By Alvin Lee
SMU Office of Research & Tech Transfer – According to consumer data company Statista, global video advertising spending will reach some US$37 billion this year, and will top US$45 billion by 2025. Given the impending mass adoption of 5G networks that will make video delivery even more seamless than it already is, those figures might be an under-estimation.
But for the millions of companies and marketing managers paying for video ads, how effective are these ads in generating revenue? Are video ads better than search and display ads? And how do you measure ‘effective’?
Those are some of the questions SMU Assistant Professor of Marketing Li Linyi answers in his research paper “Online Video Advertising: A Dynamic Bayesian Model of Sales Impact, Decay, and Spillover Across Website and Amazon Channels”.
“A lot of companies use per click performance to evaluate online advertising performance,” notes Professor Li of metrics such as Cost per Click, Click-Through Rate, and Conversion Rate. “It is inaccurate of course, but it is much more inaccurate for online video advertising because online video advertising is much more top of the funnel, thus it is harder to track the performance (linking a video ad to a sale) using per click performance metrics.
“I think an important finding of this research is that online video advertising works (at promoting sales), but the effect has a long tail and using per click metrics might result in wrong attribution and thus wrongfully conclude that video ads do not work as well as search ads or even display ads.”
AdStock and the long tail of video ads
Together with Assistant Professor Shyam Gopinath at Indiana University and Professor Steve Carson at the University of Utah, Professor Li examined online advertising data from an American maker of personal care products. Specifically, the researchers looked at its YouTube ads where viewers had the option to skip the ad after five seconds, which is recorded as an impression if it is skipped. If the video ad is not skipped in the first 30 seconds or at all, it is recorded as a video view.
Since it is impossible to know whether the viewer is even paying attention during the 30 seconds, should advertisers insist on paying only for clicks but not views? Or should researchers only look at non-skippable ads?
“The non-skippable format is much more like traditional TV ads,” Professor Li observes. “With the skippable format, you will pay for both views and clicks; you cannot just pay for views or for clicks. Since the vast majority of video ads are using this skippable format (to improve customer satisfaction), I think studying the skippable format is more important and interesting.”
The long tail that Professor Li speaks of pertains to the theory of AdStock that British statistician Simon Broadbent coined in 1979. Often described as “the prolonged or lagged effect of advertising on consumer purchase behaviour”, the theory asserts that advertising has a half-life period by the end of which awareness of advertising falls, or decays, to half of the present level.

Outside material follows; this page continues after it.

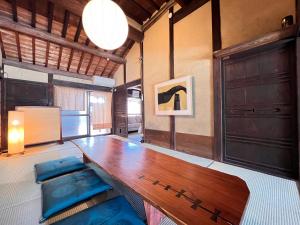 a dining room with a wooden table and blue cushions at 瀬戸内海を望む庭付き古民家サウナ宿 一棟貸切 in Takamatsu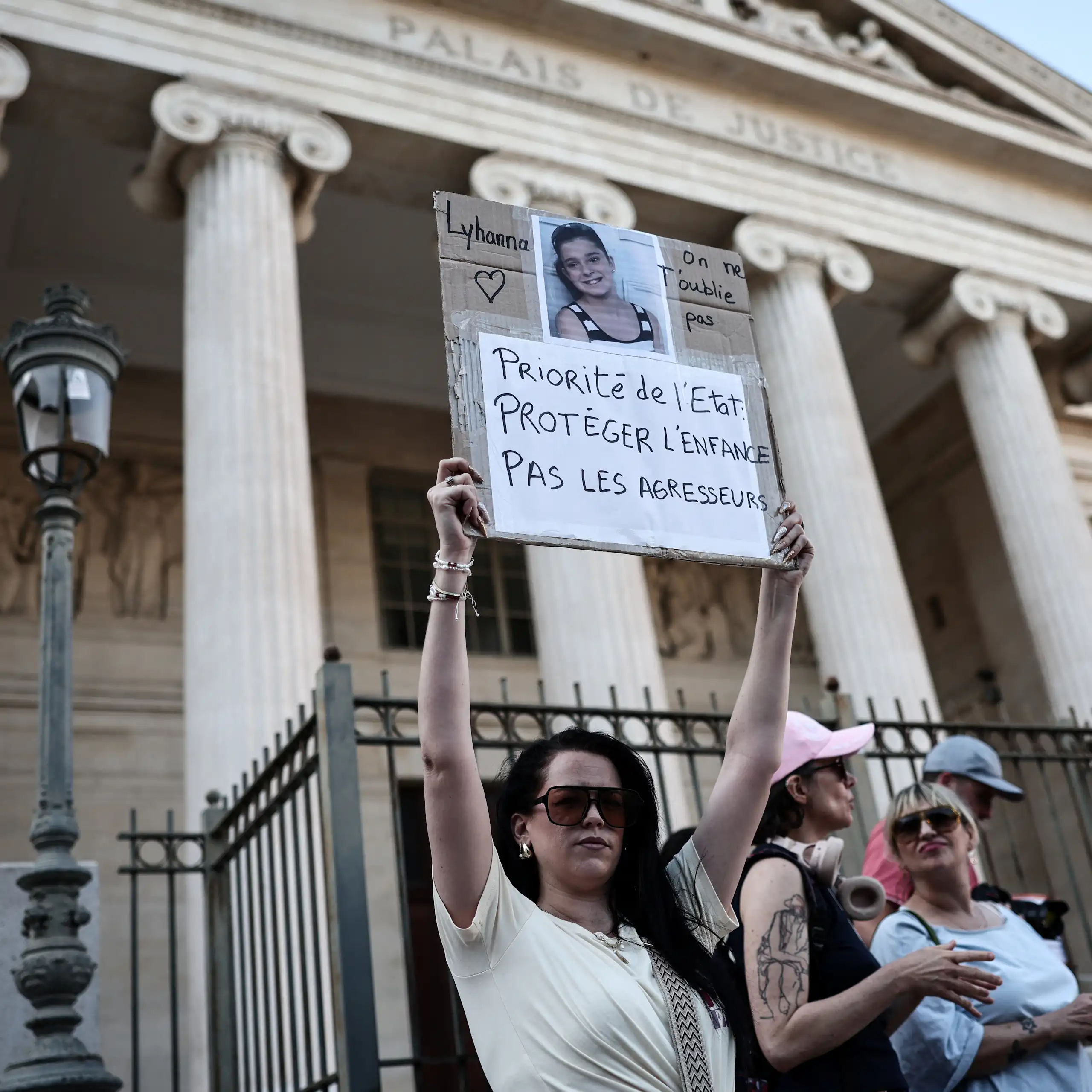 Une manifestante tient une pancarte et la photo de l’enfant devant le palais de justice de Marseille : « Lyhanna, on ne t’oublie pas. Priorité de l’État : protéger l’enfance, pas les agresseurs ! »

By running the sales data of the personal care products company through their model, the researchers found that:
- Video views (of 30 seconds or longer) contribute more to the buildup of AdStock than video or display impressions;
- Even though search impressions contribute more to AdStock than video views, the effects of video decay at a slower rate than either search or display, resulting in a greater long-term sales impact.
The study also found that video clicks are not particularly effective in driving sales, and therefore perform more of a top-of-funnel or awareness/brand-building function.
Implications for advertisers
Professor Li also writes that “video ads increase the effectiveness of other digital advertising channels by increasing the click-through rate for both search and display impressions”, which has implications on the cost and sales attribution.
“One key difference between online video advertising and many other types of online advertising is the vast majority of the time, advertisers are paying money when no customer is brought to the official website. Understandably, advertisers feel a bit insecure and are reluctant to allocate more resources to online video advertising.
“I hope this research sheds some light on the effectiveness of online video advertising and gives managers support for using online video advertising more often. Online video advertising is worth the money you are paying, and the return on investment (ROI) might be even higher than search or display ads; you just need to wait a bit longer to see the results.”